◆ INSTRUCTIONS TO FOLLOW ◆
An exact copy of all the data, minus the images, is required.

━━ INFORMATION SUPPLIED ━━

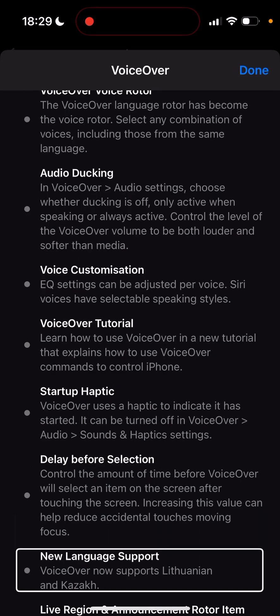New language support: VoiceOver now supports Lithuanian and Kazakh. That really surprised me — I didn't think VoiceOver actually supports my native language now. I already tried it and it actually does sound awesome.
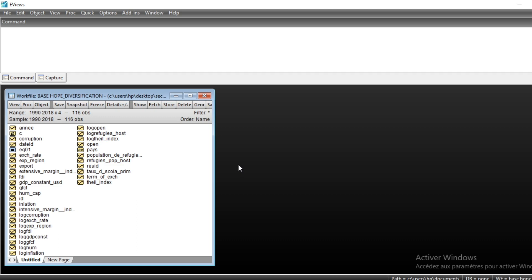You need first of all to import your data as panel data. I have made a series of materials on panel data analysis that you can use to know how to perform importation of panel data in EViews. So first of all we will show you how to test for unit roots.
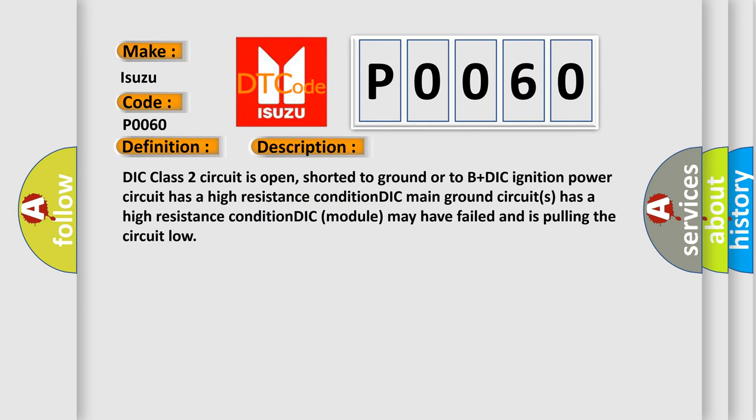DIC class 2 circuit is open, shorted to ground or to B plus DIC. Ignition power circuit has a high resistance condition. DIC main ground circuit has a high resistance condition.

━━━

◆ PROBLEM SOLUTION ◆
New language support: VoiceOver now supports Lithuanian and Kazakh. That really surprised me — I didn't think VoiceOver actually supports my native language now. I already tried it and it actually does sound awesome.
You need first of all to import your data as panel data. I have made a series of materials on panel data analysis that you can use to know how to perform importation of panel data in EViews. So first of all we will show you how to test for unit roots.
DIC class 2 circuit is open, shorted to ground or to B plus DIC. Ignition power circuit has a high resistance condition. DIC main ground circuit has a high resistance condition.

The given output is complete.